» WHAT TO PRODUCE:
Every line from the one with "MAYA RUCHED LACE UP MAXI DRESS - HIBISCUS" to the final line of the records should be printed exactly as it is, with pictures left out.

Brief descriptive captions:
[Start of section]

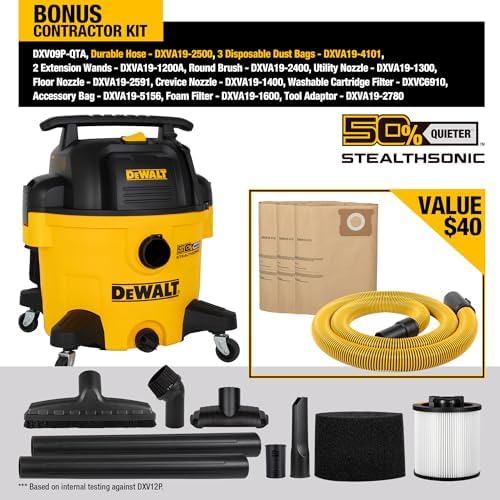 DEWALT STEALTHSONIC - ASPIRADORA DE POLIETILENO ULTRA SILENCIOSA DE 9 - 6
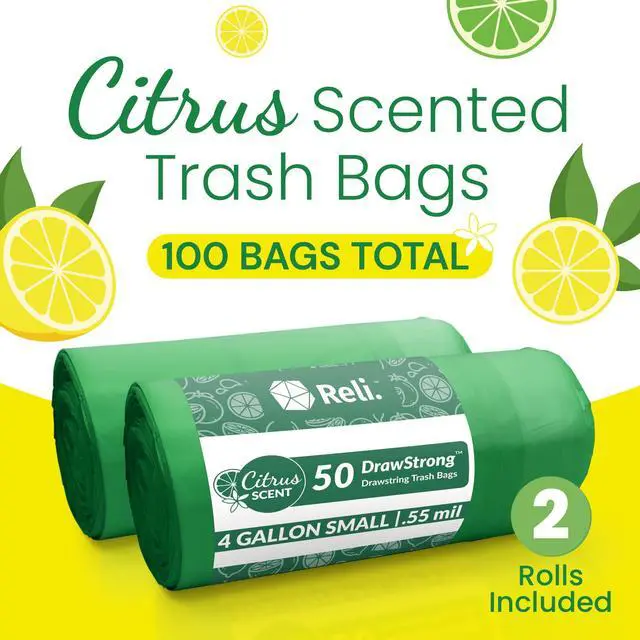 Alt view image 2 of 7 - Small Trash Bags Drawstring 4 Gallon (100 Count) Citrus Scented | Bathroom Trash Bags, Garbage Bags | Leak-proof | Durable, Odor control | Office, Household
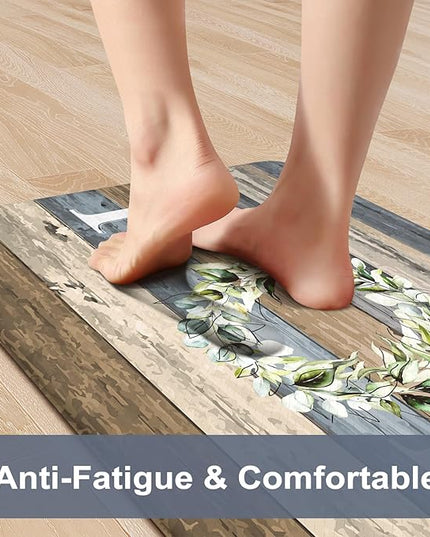 KIMODE Anti Fatigue Mats for Kitchen Floor,Comfort Cushioned Rugs Sets of 2,Wide Farmhouse Memory Foam Carpet Non Slip for Laundry Sink Office Bathroom,Blue 20"x47"+20"x32"
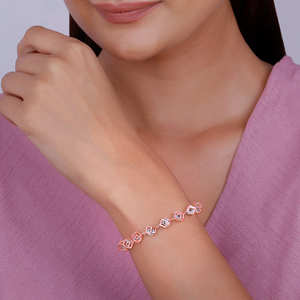 Pulsera de cristal cúbico de oro rosa Pulseras y brazaletes de cristal elegantes y lujosos - Product Image 2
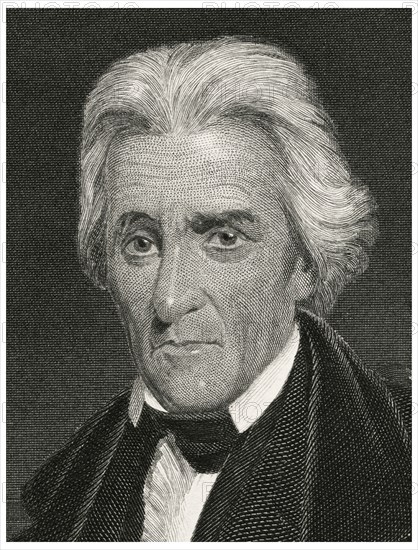 Andrew Jackson (1767-1845), Seventh President of the United States, Head and Shoulders Portrait, Steel Engraving, Portrait Gallery of Eminent Men and Women of Europe and America by Evert A. Duyckinck, Published by Henry J. Johnson, Johnson, Wilson & Company, New York, 1873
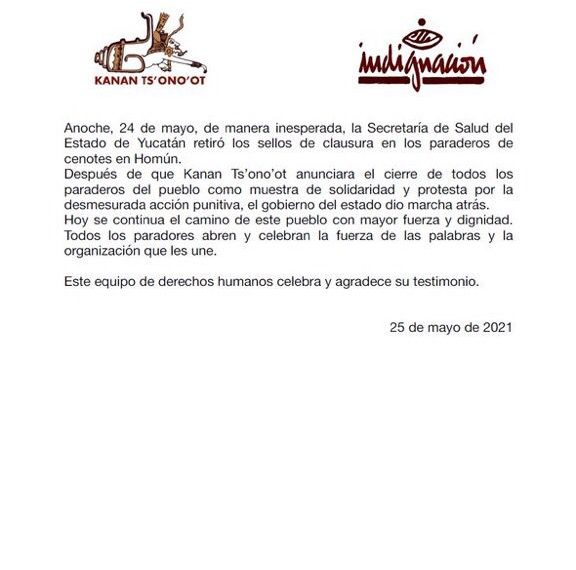 La Secretaría de Salud de Yucatán retiró los sellos de clausura en los paraderos de cenotes en Homún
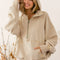 BiBi Stitch Detailed Elastic Hem Half Zip Fleece Hoodie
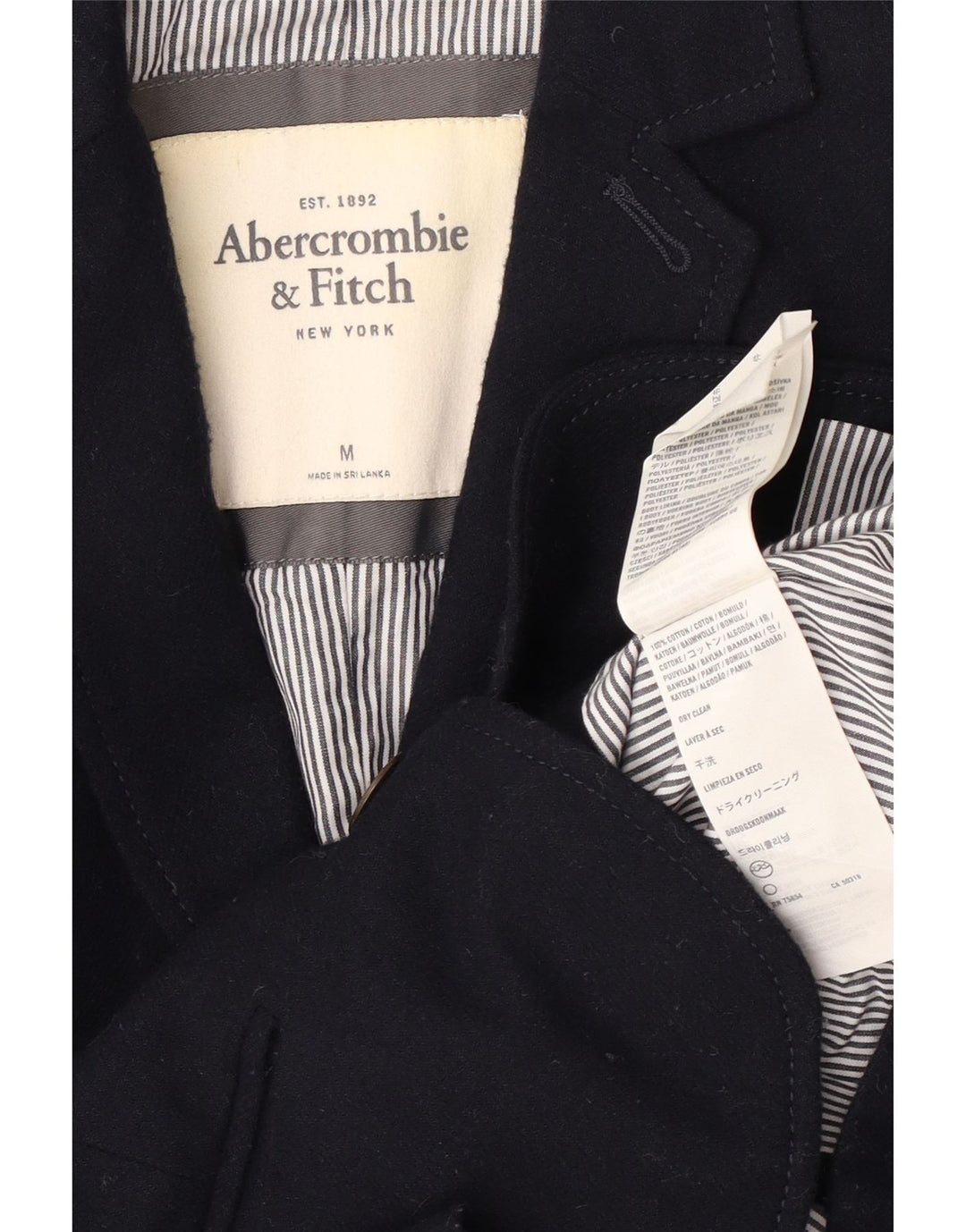 Abercrombie & Fitch Damen-Blazer mit 2 Knöpfen, Gr. 12, mittleres Marineblau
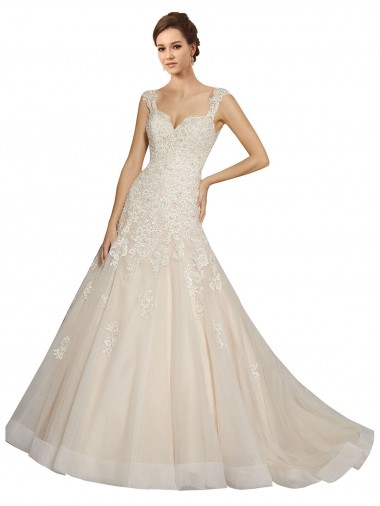 Ivoire & Champagne Sirène Tulle Dentelle Robes de mariée à Bas Prix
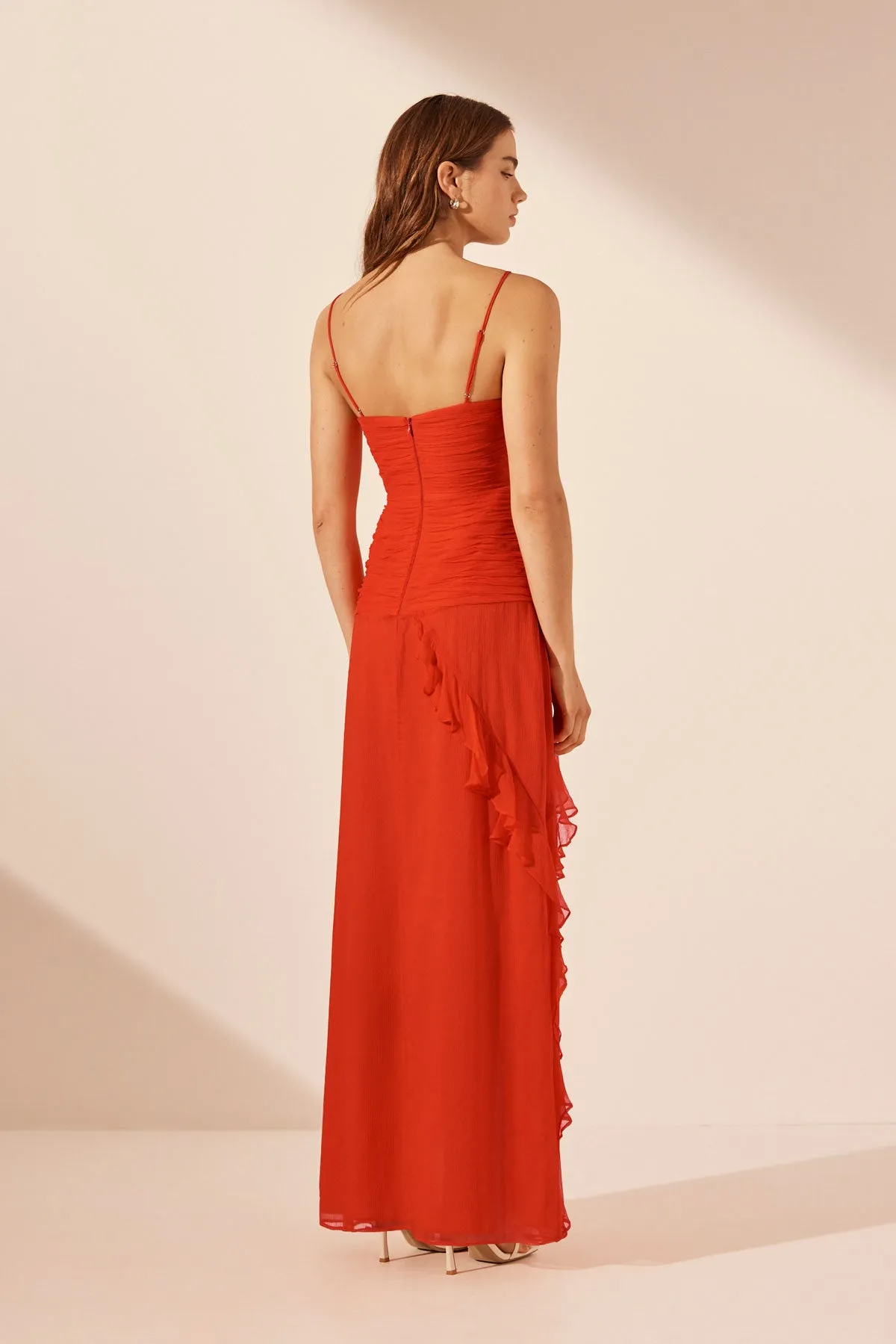 MAYA RUCHED LACE UP MAXI DRESS - HIBISCUS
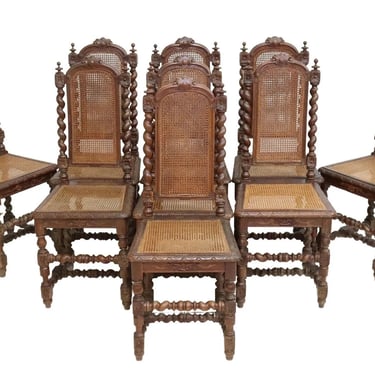 Antique Side Chairs, (9), Henri II Style, Carved Wood, Caned, Crests, 1800s!!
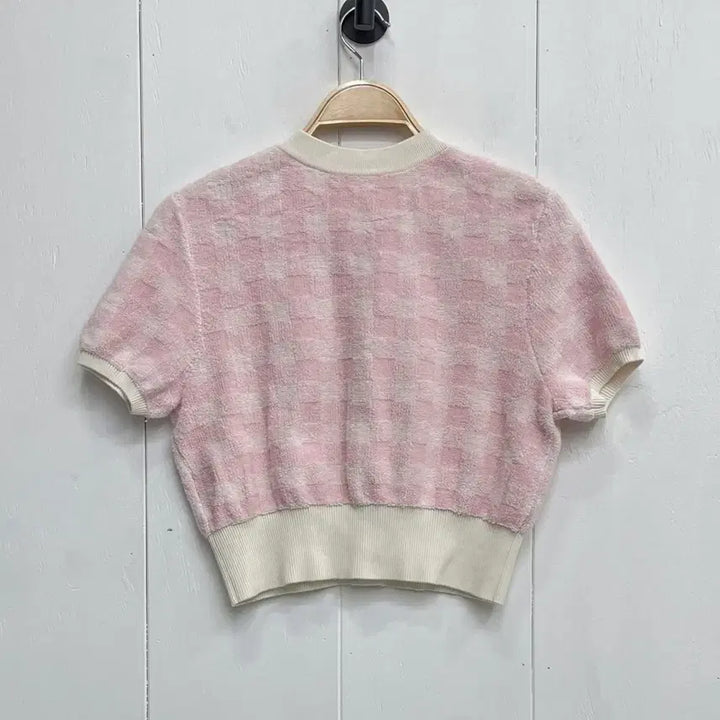 [SOLD OUT] 알렉산더왕 핑크 체크 테리 반팔 가디건
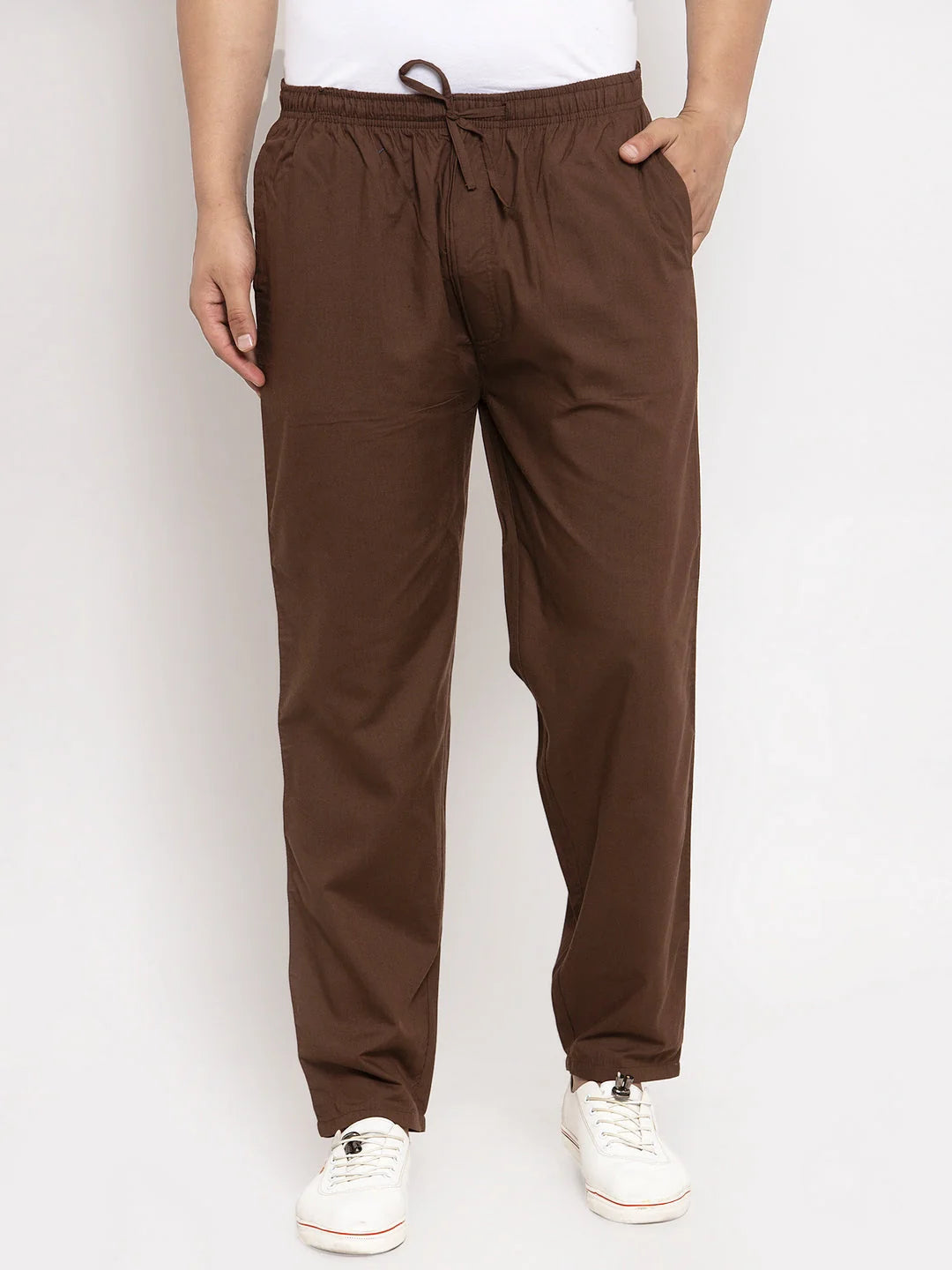 Indian Needle Men's Brown Cotton Mens Jogger Pajama Pants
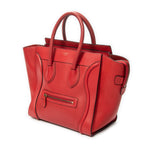 Handbag Mini Luggage Red Calfskin Leather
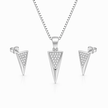 Triangle Pendant Set with Chain and Earrings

[End of section]

» RESPONSE FOR THIS EXERCISE:
 MAYA RUCHED LACE UP MAXI DRESS - HIBISCUS
 Antique Side Chairs, (9), Henri II Style, Carved Wood, Caned, Crests, 1800s!!
 [SOLD OUT] 알렉산더왕 핑크 체크 테리 반팔 가디건
 Indian Needle Men's Brown Cotton Mens Jogger Pajama Pants
 Handbag Mini Luggage Red Calfskin Leather
 Triangle Pendant Set with Chain and Earrings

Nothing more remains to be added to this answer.